Please transcribe the data exactly as shown, skipping the images.

_Stored data_
[Start of Attachment]

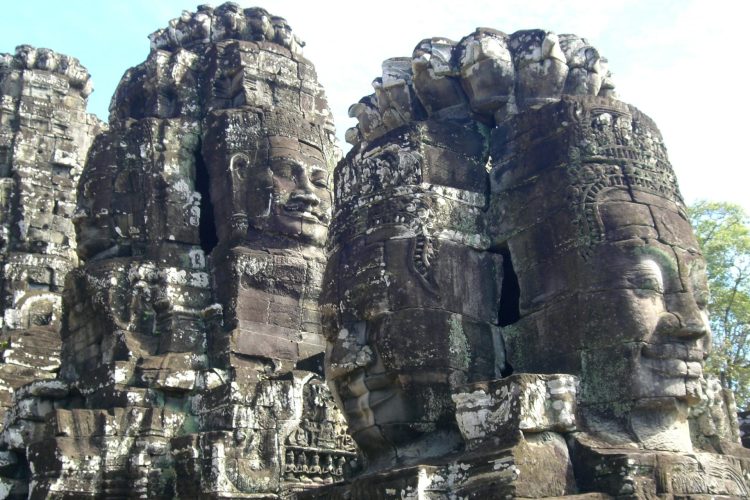 ベトナム航空利用　世界遺産アンコールワット　6日間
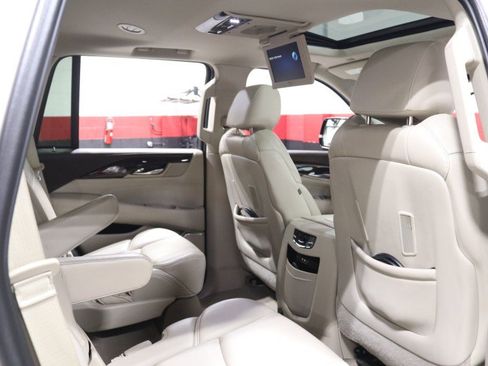 Used 2015 Cadillac Escalade Luxury AWD/4WD image 50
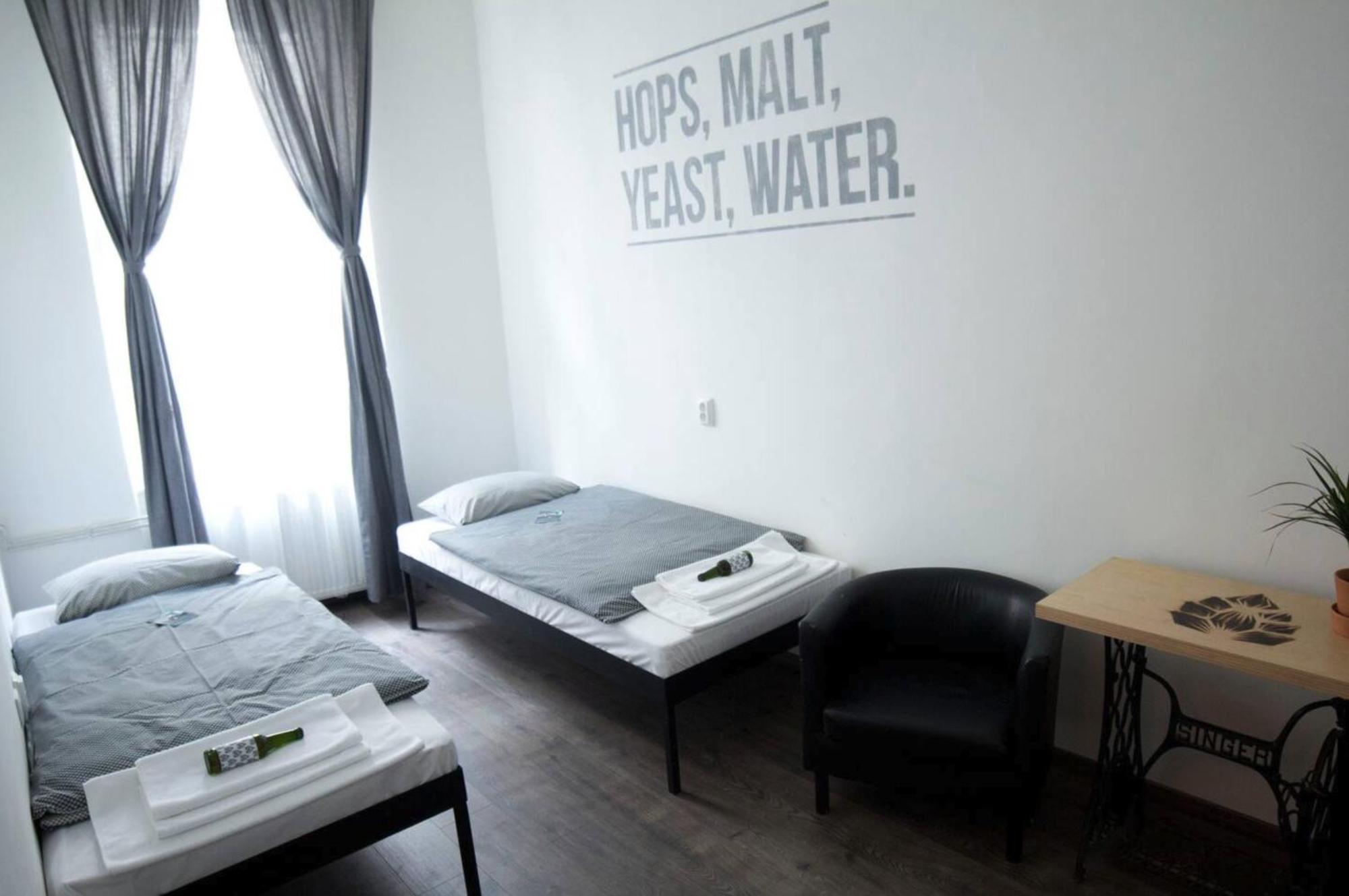 Bed'N'Beer Budapeste Exterior foto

[End of Attachment]

_Reply_
 ベトナム航空利用　世界遺産アンコールワット　6日間
 Used 2015 Cadillac Escalade Luxury AWD/4WD image 50
 Bed'N'Beer Budapeste Exterior foto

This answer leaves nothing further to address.